Au retour au poste des infirmières pour écrire ma note, on s’informe: « Va-t-il mieux? » Et un merci senti, comme si j’étais allé au chevet d’un parent. Notre usager, emprisonné dans son lit, avait pu vivre un espace de liberté intérieur, une petite brise.
Cette tranche de vie me rappelle à nouveau le bonheur et la chance de pouvoir aborder sans tabous, en toute franchise, la dimension spirituelle, une dimension associée à la profondeur de la personne, une profondeur parfois enfouie.
Pour d’autres personnes, l’accompagnement se prolonge dans le temps: comme pour une dame en attente de greffe cardiaque avec toutes ses espérances et inquiétudes portées.

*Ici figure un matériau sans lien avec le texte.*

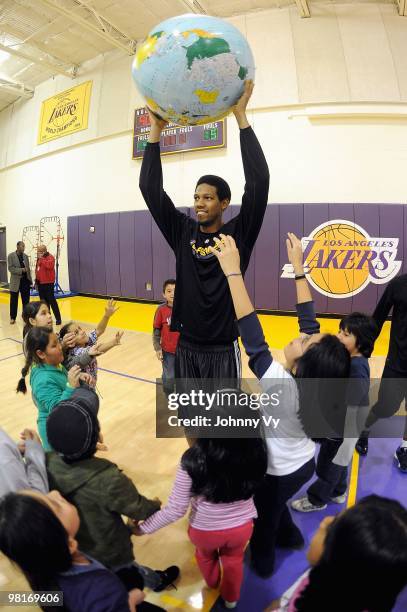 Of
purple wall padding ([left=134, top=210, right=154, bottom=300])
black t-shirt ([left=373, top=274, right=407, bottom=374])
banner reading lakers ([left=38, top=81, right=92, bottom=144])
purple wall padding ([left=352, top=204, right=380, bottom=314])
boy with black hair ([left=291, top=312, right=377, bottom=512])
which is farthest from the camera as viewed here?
banner reading lakers ([left=38, top=81, right=92, bottom=144])

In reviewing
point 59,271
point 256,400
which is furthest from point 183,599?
point 59,271

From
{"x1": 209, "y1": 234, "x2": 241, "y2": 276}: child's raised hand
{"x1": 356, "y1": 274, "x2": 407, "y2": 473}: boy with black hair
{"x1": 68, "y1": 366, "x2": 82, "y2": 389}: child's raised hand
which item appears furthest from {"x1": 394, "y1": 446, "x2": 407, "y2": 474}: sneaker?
{"x1": 68, "y1": 366, "x2": 82, "y2": 389}: child's raised hand

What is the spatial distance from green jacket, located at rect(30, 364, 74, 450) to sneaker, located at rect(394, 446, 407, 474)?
2279mm

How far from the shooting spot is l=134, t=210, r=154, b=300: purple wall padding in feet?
27.8

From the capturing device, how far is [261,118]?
7.19 meters

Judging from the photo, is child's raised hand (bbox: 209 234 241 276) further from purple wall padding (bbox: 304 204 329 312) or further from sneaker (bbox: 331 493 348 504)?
purple wall padding (bbox: 304 204 329 312)

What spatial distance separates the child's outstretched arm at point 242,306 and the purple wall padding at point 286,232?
19.5ft

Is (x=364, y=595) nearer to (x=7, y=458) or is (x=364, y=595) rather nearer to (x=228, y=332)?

En gériatrie, les hospitalisations sont également parfois longues et dans des contextes de limitations physiques ou cognitives. Encore là, bien des remises en question. Pour ce secteur, en plus des accompagnements individuels, j’ai développé des rencontres thématiques: à ce jour, une soixantaine de thèmes toujours liés au contexte d’hospitalisation. Des ateliers qui prennent la couleur des personnes présentes, à travers des chants, des allégories racontées. Dans ces rencontres, chacun peut faire ses propres liens, avec le type de mémoire disponible, l’intuition encore portée. Encore là, tant de sourires, de complicité et de collaboration avec le personnel.
J’arrête ici, je reçois un appel. Cette fois-ci, d’un collègue intervenant en soins spirituels.
Le Centre Spiritualitésanté de la Capitale-Nationale (CSsanté) assure le fonctionnement au quotidien des services de soins spirituels répartis dans plus de 30 sites du réseau de la santé et des services sociaux de la ville de Québec et de ses environs. Il est constitué d’une quarantaine d’intervenants et d’intervenantes en soins spirituels.
Le CHU de Québec-Université Laval est l’établissement fiduciaire. À ce titre, il a la responsabilité d'administrer les ressources humaines et financières du CSsanté.